Now, the New Leadership Network has lessons to share for other communities aiming to support networked action that centers racial equity. Living Cities interviewed two participants, Reggie Rucker, who was a participant in the network, and Adene Sacks, who led the network and co-authored a book about it, Leading Systems Change: A Workbook for Community Practitioners and Funders.

Q1: Tell us a little bit about the New Leadership Network—why is something like this needed, and what did you get out of being a part of it?

Adene Sacks (co-author of Leading Systems Change): When the James Irvine Foundation initiated the creation of the New Leadership Network, they were looking to invest in the Central Valley of California. This region has a number of complicated problems (high unemployment, high poverty rates, poor air and water quality, failing schools, etc.) and was historically under-invested in from philanthropy, compared to the wealthier coastal regions of California. The program addressed the full range of needs leaders have when they strive to get out of their silos and embrace a systems change approach.

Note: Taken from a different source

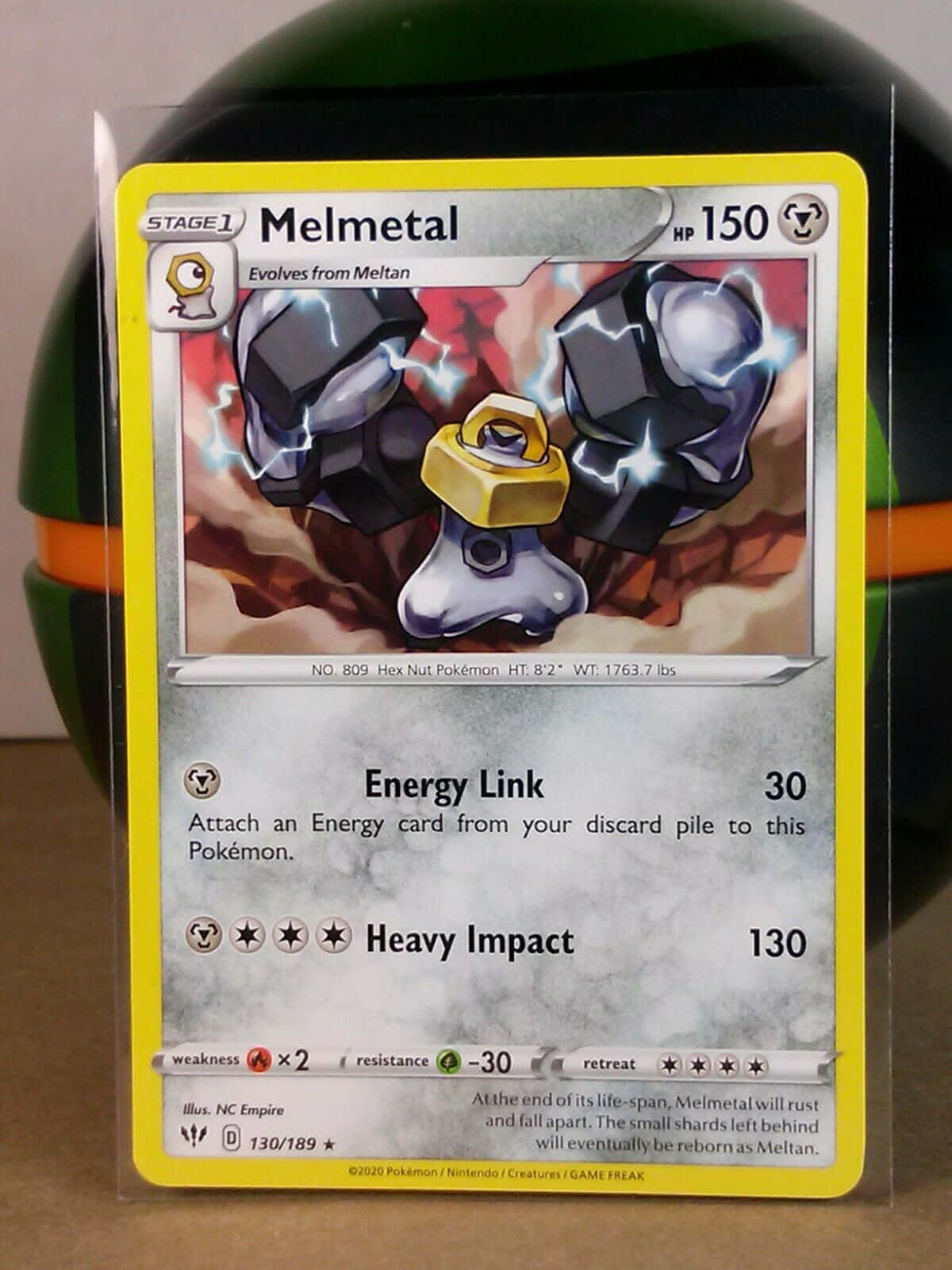 一張 Melmetal 的寶可夢集換式卡牌， Melmetal 是帶有閃電效果的金屬機械寶可夢。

Reggie Rucker (Director of Placemaking at the Downtown Modesto Partnership; participated as a fellow in the New Leadership Network): The two most lasting takeaways for me have been the application of human-centered design, and the understanding of the existing network of leaders in our community. Through human-centered design, I am continuously operating from empathy over intellect—more so than I was accustomed to. The practice of piloting ideas and testing hypotheses, rather than just thinking through ideas to get to an answer or outcome, has been important for the way I work in the community. Being part of the network of leaders let me know that I have friends who I can lean on to help with the work that I’m passionate about, and listen and coach from a place of understanding that others in my life don’t really have.

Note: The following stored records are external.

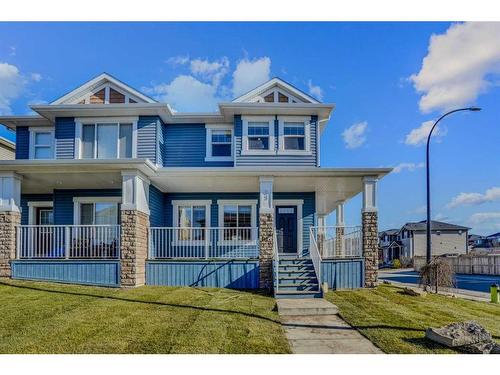 29 Willow Mews, Cochrane, AB - Outdoor With Deck Patio Veranda With Facade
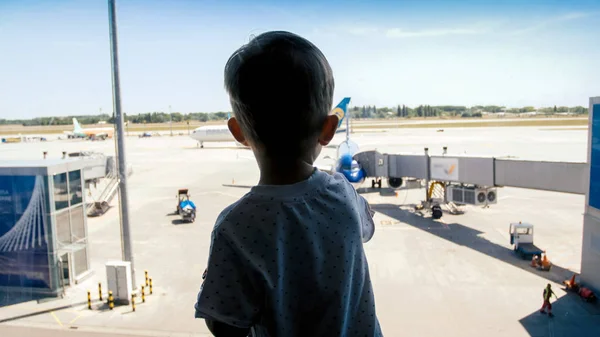 Silhueta de criança olhando em aviões andando na pista no aeroporto — Fotografia de Stock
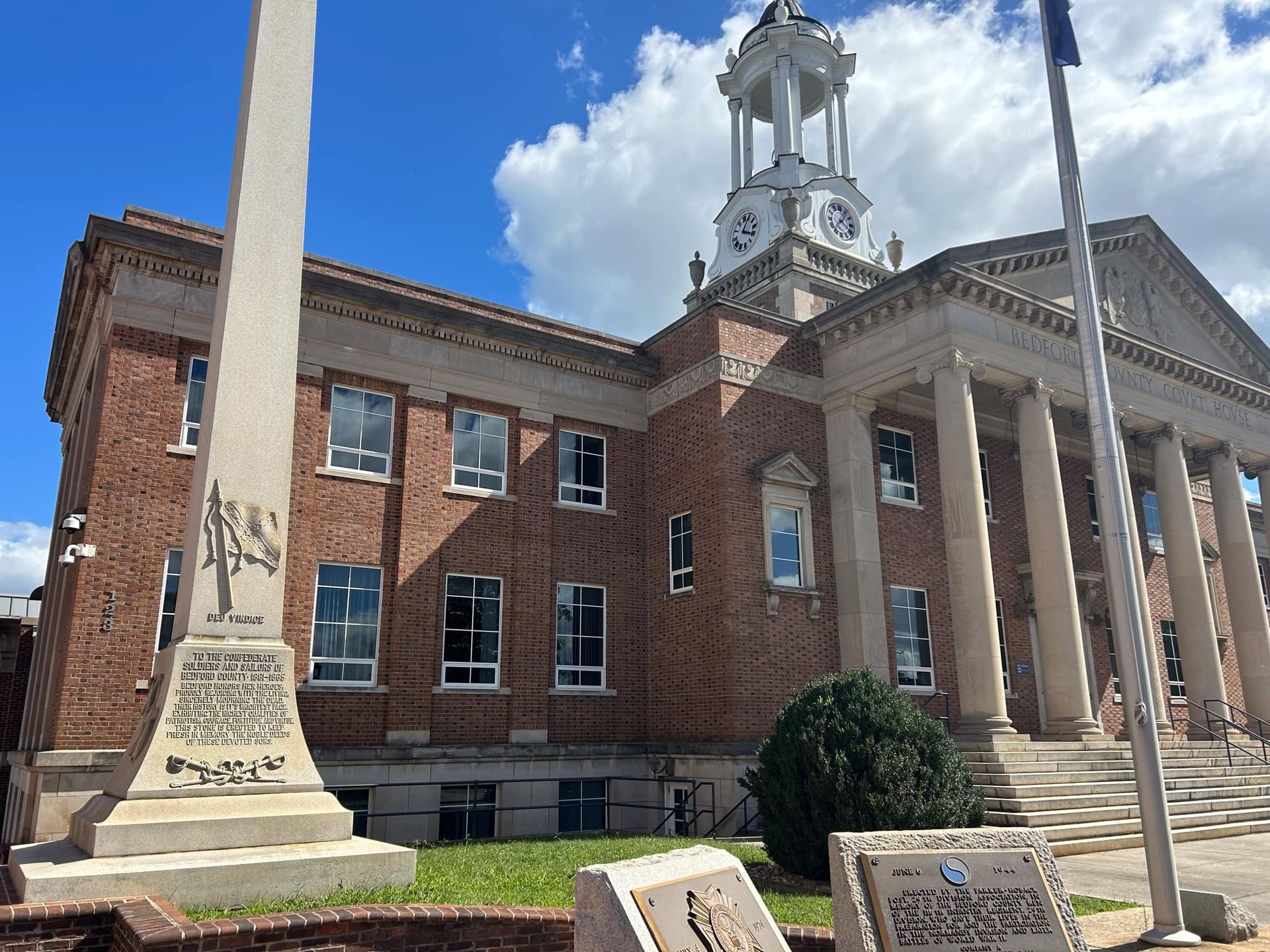 Brick courthouse with white columns, clock tower, and an obelisk monument on a sunny day.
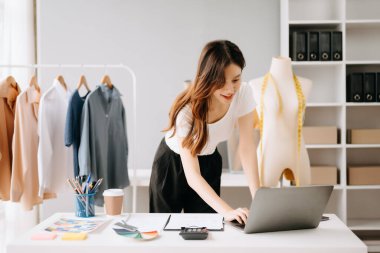 Genç Asyalı terzi kadın elbise atölyesinde çalışıyor. Kadın 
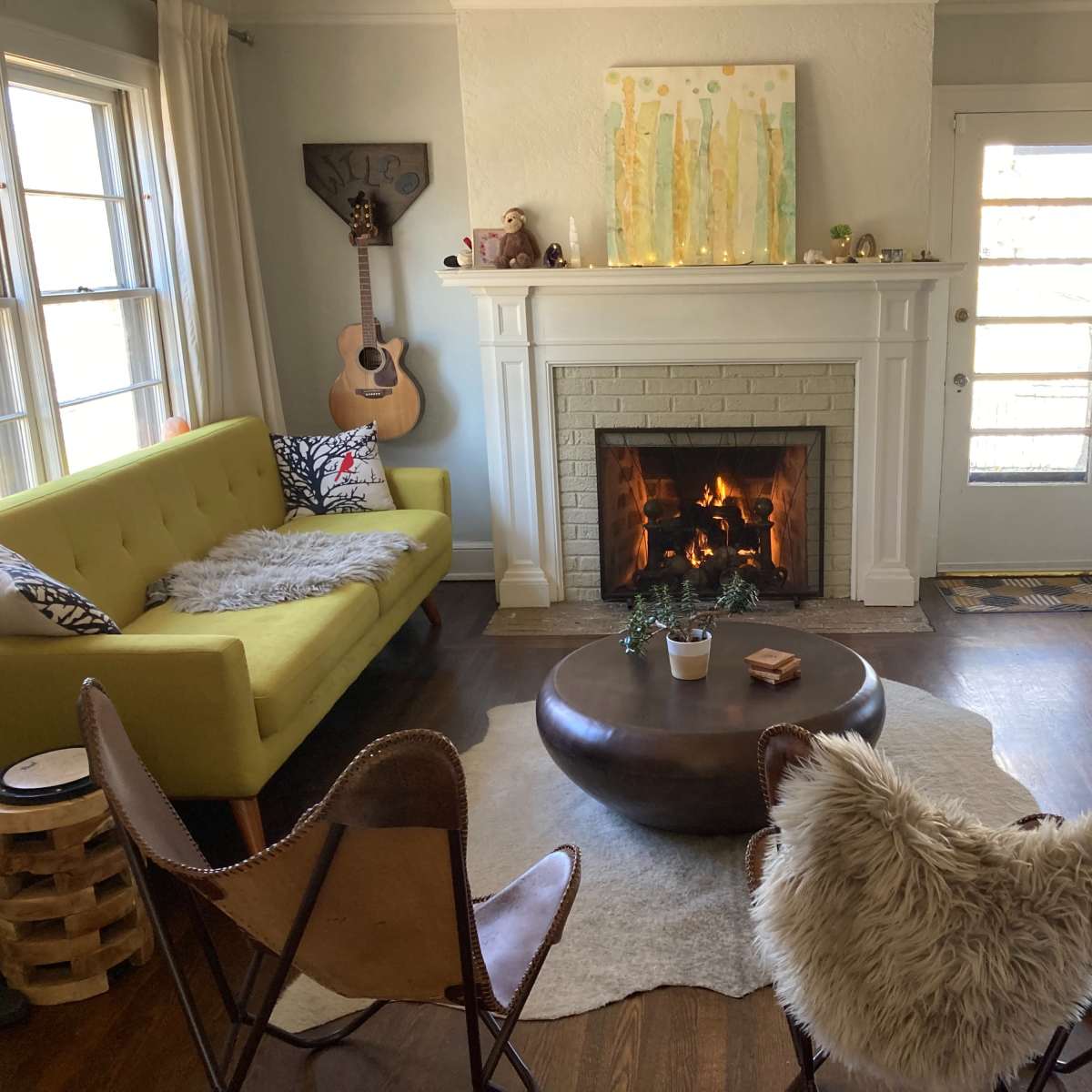 The living room features a yellow sofa, two leather chairs with fur throws, a round coffee table, and a fireplace with a fire burning in it.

Q2: How do you see this network benefiting the communities in which you work? What are some of the tangible impacts you have seen?

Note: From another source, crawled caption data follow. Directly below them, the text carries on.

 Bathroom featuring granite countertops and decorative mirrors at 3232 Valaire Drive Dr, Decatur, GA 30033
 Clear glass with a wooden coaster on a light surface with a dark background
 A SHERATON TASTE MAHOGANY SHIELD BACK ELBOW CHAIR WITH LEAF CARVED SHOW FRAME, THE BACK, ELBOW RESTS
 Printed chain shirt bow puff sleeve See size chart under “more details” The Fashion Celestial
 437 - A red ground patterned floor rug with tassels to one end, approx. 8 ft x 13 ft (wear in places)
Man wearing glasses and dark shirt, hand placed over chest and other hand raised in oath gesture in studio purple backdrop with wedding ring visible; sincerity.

The process of centering equity begins with who is at the table.

Rucker: Getting a network of our leaders to all begin to look at our work through the lens of equity is vitally important. Whether economic empowerment, education, civic pride, community development, law enforcement, or any other work we’re engaged in, awareness of how all communities are included and impacted by this work is the only way sustainable progress can be made. Additionally, the relationships grounded in empathy created an atmosphere of cooperation, support and hope rather than cynicism. That goes a long way in making the space necessary for change when it is inherently risky. In recent months, I’ve seen The Modesto Bee publish more positive and hopeful stories about the community, the Downtown Modesto Master Plan focus heavily on inclusivity of the economically disadvantaged and structurally segregated West Modesto, and leaders from the network take bold leaps by changing roles in a concerted effort to maximize the impact they can have in our community.

Sacks: The network helped elevate emerging leaders, many of whom struggled to gain access to more traditional places of power in the community, to positions of greater influence. The network created a pipeline of potential members now being recruited for local boards and commissions, and in general is seen as a continuing “civic innovation” engine in both counties.

Q3: Living Cities has learned that you cannot create systems change without naming racial and working to close racial gaps. How has the New Leadership Network centered racial equity? What are some challenges and successes you’ve seen in centering racial equity?

Sacks: The process of centering equity begins with who is at the table. We focus on who these leaders are as individuals; the networks they represent; and their contribution to a collective of the community. As we describe in the book, our journey from the original all-white facilitation team in Fresno to becoming a multi-racial team in Stanislaus, provided the basis for the learning and the failure we asked the leaders to address around issues of power and equity at all stages of their work with us.

Rucker: The focus on developing strong relationships and working from a place of empathy also makes it easier to have these conversations. Just the other day, I was able to highlight for a friend and colleague that an interview panel he was assembling was all white men. Having a conversation that got him thinking more critically about what’s possible, or not possible, is something I don’t know that I would have been as prepared to do without the New Leadership Network.

Q4: What advice would you give to other communities looking to create systems change through centering racial equity?

A system will not change when half of that system is fighting against the other half.

Rucker: Empathy and strong relationships are key. A system will not change when half of that system is fighting against the other half. It also takes a huge dose of creativity, both in the sense of finding a way where there appears to be no way, and also in finding joy in work that often feels daunting.

Sacks: One of the more unique aspects of the New Leadership Network was that all involved, including our funders at the James Irvine Foundation as well as our local backbone at the Stanislaus Community Foundation, were deeply committed to examining their own relationship to racial and economic inequity. This experience has solidified our belief that those leading systems change, regardless of role, need to grow their awareness of how racial inequity impacts their work and their own leadership.